Human-centered Vision Systems

Instructor: Nicu Sebe (University of Trento, Italy)

Syllabus

This tutorial aims to offer its audience a new perspective towards opportunities in employing contextual data in human-centric video-based applications. The tutorial covers topics and case studies in algorithm design for different applications in smart environments and examines the use of contextual data in various forms to provide efficiency and reliability to the vision processing. Examples of inference of the user’s activity, facial expression, eye gaze, gesture, emotion, and intention, as well as object recognition based on user interactions are used to support the presented topics.

A convergence is occurring in human-centered information systems that employ real-time sensing and inference methods to know the user’s activity, location, commands, needs, state, and intentions on the one hand, and content acquisition, searching, and delivery models based on the internet and other media resources on the other hand. Interfaces that sense and receive user’s commands and those that render the results to the user need to operate in a flexible way according to the user’s context or a preference profile. Vision can offer user interfaces that recognize the user’s location, pose, activity, gesture, area of interest, gait, mobility, habitual routines or novel actions, attention, facial expression, mood, emotions, type of clothing, and interaction with the environment, objects, appliances, or other people. While many of these features have been extensively studied by the vision community, the term “human-centered” is used to refer to the role vision can play through a collection of these features in offering flexible, adaptive, and context-aware interface and inference operations when working with an individual user.

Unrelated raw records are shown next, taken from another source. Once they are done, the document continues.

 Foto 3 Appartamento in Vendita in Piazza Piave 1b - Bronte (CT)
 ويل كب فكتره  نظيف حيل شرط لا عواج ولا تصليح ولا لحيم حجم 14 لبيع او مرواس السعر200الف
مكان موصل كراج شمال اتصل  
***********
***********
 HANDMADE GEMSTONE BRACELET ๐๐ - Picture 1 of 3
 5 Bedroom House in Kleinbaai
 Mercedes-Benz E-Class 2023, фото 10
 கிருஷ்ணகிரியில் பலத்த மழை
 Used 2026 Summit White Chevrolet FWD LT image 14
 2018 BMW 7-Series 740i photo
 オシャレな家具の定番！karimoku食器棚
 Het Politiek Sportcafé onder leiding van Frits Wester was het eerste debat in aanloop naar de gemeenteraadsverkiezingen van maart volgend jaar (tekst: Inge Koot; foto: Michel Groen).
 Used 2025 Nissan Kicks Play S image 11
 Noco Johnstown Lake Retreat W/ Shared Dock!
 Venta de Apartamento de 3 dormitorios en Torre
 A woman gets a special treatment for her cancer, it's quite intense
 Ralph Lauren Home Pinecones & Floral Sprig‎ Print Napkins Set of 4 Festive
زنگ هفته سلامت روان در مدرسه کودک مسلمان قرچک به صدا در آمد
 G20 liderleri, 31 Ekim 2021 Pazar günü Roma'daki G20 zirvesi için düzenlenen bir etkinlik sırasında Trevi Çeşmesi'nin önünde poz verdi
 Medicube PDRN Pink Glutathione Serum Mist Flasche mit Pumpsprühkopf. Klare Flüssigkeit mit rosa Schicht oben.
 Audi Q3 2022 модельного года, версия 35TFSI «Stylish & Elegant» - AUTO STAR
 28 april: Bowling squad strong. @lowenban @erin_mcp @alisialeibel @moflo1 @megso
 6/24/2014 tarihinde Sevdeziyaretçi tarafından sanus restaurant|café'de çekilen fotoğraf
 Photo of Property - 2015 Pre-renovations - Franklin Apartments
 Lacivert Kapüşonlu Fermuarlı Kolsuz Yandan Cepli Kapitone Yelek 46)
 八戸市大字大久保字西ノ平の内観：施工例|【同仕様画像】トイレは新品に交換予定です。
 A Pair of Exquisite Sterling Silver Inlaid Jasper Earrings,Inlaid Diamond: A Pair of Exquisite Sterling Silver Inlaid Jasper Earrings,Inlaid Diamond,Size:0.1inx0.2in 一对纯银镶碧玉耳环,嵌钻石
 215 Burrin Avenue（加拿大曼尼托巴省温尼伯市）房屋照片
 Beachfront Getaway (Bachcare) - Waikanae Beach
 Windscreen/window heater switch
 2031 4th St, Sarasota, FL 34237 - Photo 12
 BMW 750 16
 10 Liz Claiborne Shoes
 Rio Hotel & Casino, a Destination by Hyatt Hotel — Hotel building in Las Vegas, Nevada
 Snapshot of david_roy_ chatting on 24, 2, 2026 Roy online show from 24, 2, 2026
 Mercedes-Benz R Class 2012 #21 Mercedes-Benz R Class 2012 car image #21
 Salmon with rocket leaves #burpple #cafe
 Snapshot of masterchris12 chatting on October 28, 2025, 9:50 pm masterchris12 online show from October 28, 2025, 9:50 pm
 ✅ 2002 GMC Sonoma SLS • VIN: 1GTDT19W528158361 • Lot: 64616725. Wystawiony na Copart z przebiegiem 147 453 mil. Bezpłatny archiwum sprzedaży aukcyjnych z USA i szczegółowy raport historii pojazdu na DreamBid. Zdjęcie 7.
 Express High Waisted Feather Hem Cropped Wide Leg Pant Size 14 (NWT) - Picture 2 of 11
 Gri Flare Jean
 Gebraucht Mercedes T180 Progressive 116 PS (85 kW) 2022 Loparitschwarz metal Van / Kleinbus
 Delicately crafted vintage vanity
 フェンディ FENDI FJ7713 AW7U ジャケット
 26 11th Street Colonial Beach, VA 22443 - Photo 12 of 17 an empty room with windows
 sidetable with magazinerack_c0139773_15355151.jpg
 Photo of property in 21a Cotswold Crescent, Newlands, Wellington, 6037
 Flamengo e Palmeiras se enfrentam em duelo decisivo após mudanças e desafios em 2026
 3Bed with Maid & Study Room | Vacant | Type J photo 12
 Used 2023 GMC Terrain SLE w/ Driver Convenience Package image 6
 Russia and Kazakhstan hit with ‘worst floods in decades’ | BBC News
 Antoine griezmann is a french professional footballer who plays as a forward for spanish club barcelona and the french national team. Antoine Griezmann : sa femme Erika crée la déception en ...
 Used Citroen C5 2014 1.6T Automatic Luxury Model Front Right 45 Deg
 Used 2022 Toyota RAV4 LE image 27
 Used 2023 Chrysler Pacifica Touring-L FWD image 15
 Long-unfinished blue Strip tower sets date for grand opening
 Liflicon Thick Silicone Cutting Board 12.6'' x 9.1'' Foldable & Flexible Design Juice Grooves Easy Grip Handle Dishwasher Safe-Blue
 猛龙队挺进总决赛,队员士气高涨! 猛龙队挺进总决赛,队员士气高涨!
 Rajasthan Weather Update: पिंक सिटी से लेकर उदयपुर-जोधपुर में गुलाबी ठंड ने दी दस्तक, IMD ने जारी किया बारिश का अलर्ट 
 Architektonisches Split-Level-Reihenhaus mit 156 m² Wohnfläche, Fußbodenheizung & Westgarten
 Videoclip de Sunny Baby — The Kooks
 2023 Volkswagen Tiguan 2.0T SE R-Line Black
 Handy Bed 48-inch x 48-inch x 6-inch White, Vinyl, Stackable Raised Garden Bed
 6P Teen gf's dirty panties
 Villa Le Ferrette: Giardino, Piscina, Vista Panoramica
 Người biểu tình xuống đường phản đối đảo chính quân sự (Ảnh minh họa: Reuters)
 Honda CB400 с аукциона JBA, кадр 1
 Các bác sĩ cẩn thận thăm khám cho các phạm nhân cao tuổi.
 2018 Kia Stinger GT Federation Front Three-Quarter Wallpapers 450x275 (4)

The course focuses on three aspects of context-driven information fusion in video processing for human-centric applications: (1) Interfacing vision processing with high-level data fusion to build up knowledge based and behavior models; (2) Human pose, gaze, activity, facial expression, preferences, behavior modeling, and user feedback as sources of human-centric context; (3) Case studies of incorporating vision-based activity and expression recognition algorithms into adaptive systems that learn user preferences and adjust their services accordingly. The course topics and case studies are supported by a large collection of implemented examples covering various layers of processing from early vision extraction to intermediate soft decisions in multi-camera processing or latent-space activity recognition, and to high-level inference of semantics based on visual clues.

Syllabus

The tutorial will provide the participants with an understanding of the key concepts, state-of-the-art techniques, new application opportunities, and open issues in the areas described above. The course is organized into the following syllabus:

  1. Introduction and motivation:
    1. New paradigms in user-centric design: application spaces in smart environments, ambient intelligence, adaptive systems, intuitive interfaces
    2. Convergence of sensing, inference, and media content delivery in human-centered information systems
    3. Challenges in vision design: processing aspects in algorithm design, user acceptance aspects in application design
  2. Use of context in video processing:
    1. Types of contextual data and sources: environmental versus user-centric context, static versus dynamic context, multi-camera networks, multimodal sensing
    2. Examples in early vision, human pose analysis, user intention detection
  3. Interface of vision and high-level inference:
    1. Data fusion for vision-based inference, role of feedback to vision, knowledge accumulation, observation validation
    2. Interactive learning: role of user in guiding the inference system, query and feedback from user, intuitive user interactions
    3. Semantic labeling based on user observations and context, grounding logic rules with observations
    4. Case study: activity recognition based on environmental context
  4. Human-centric inference
    1. Human-centric data: algorithms for detection of human pose, gesture, activity, facial expression, gaze, attention, mood, emotions
    2. Case study: human head pose and gaze analysis
    3. Case study: multimodal human emotion analysis
  5. Conclusions and new frontiers